=== Begin Enclosure ===
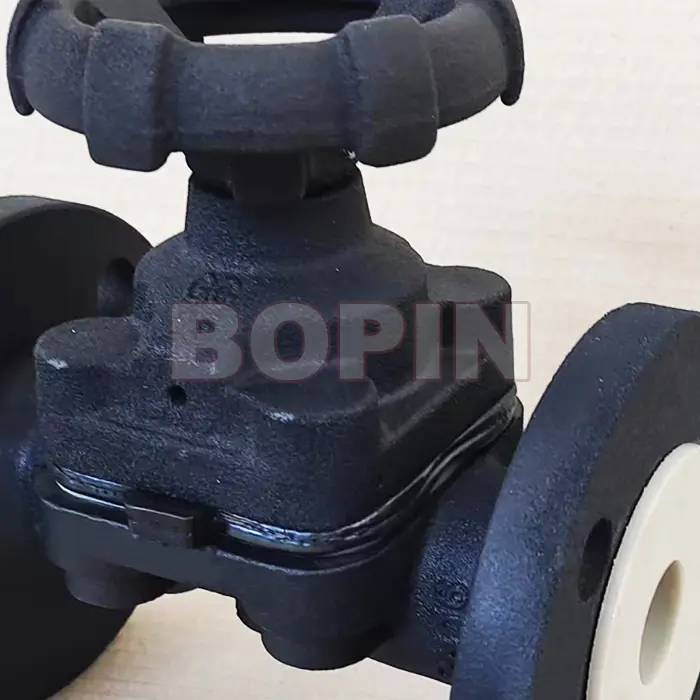 GG25 cast iron plastic lined diaphragm valve.jpg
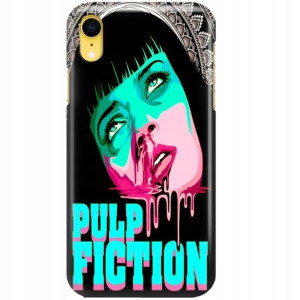 ETUI DO iPHONE XR Obudowa Serialowe Filmowe Wzory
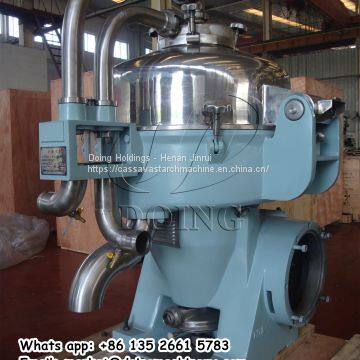 High quality cassava starch separating machine disc separator in cassava starch production line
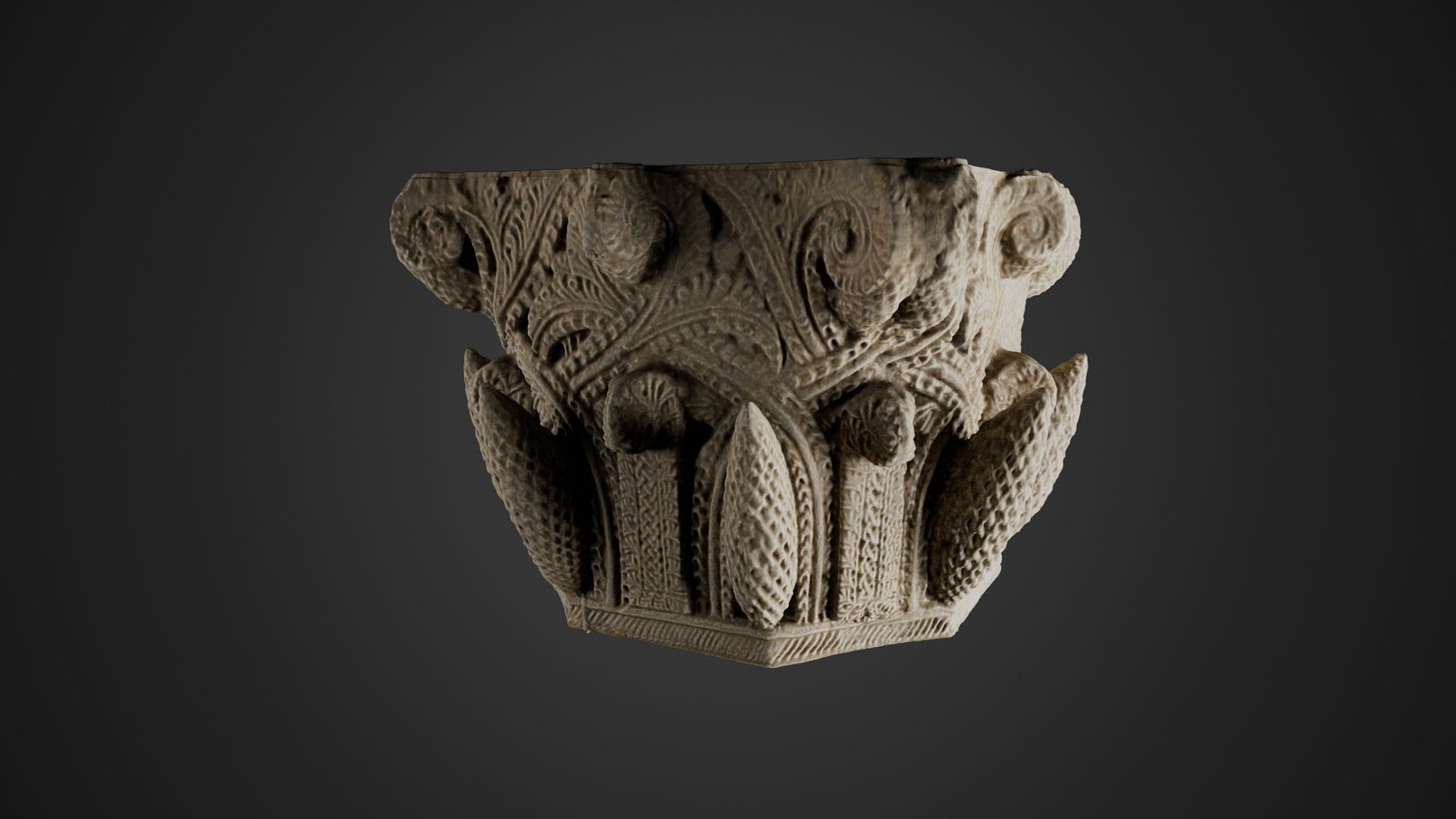 Capitel Mudéjar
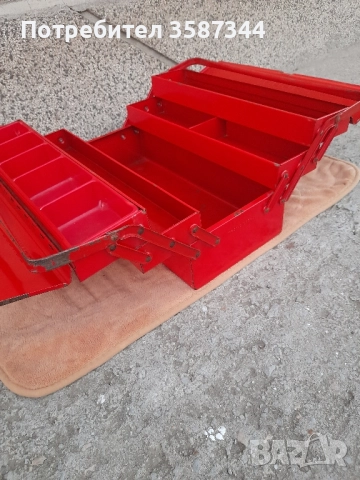 метален куфар за инструменти, снимка 11 - Куфари с инструменти - 52257734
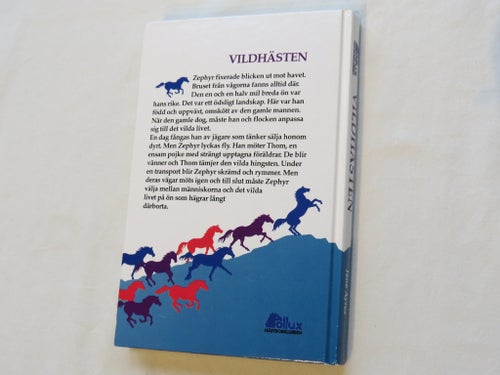 Vildhästen av Jane Ayres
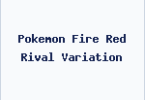 Pokemon Fire Red Rival Variation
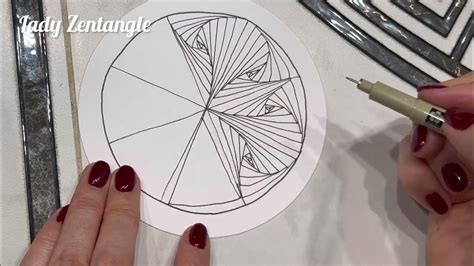 Image result for Zentangle Design Tutorial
=== End Enclosure ===
WORK TO BE COMPLETED:
In your answer, print the entries above exactly, with the pictures left out.

EXERCISE ANSWER:
 GG25 cast iron plastic lined diaphragm valve.jpg
 ETUI DO iPHONE XR Obudowa Serialowe Filmowe Wzory
 High quality cassava starch separating machine disc separator in cassava starch production line
 Capitel Mudéjar
 метален куфар за инструменти, снимка 11 - Куфари с инструменти - 52257734
 Vildhästen av Jane Ayres
 Pokemon Fire Red Rival Variation
 Image result for Zentangle Design Tutorial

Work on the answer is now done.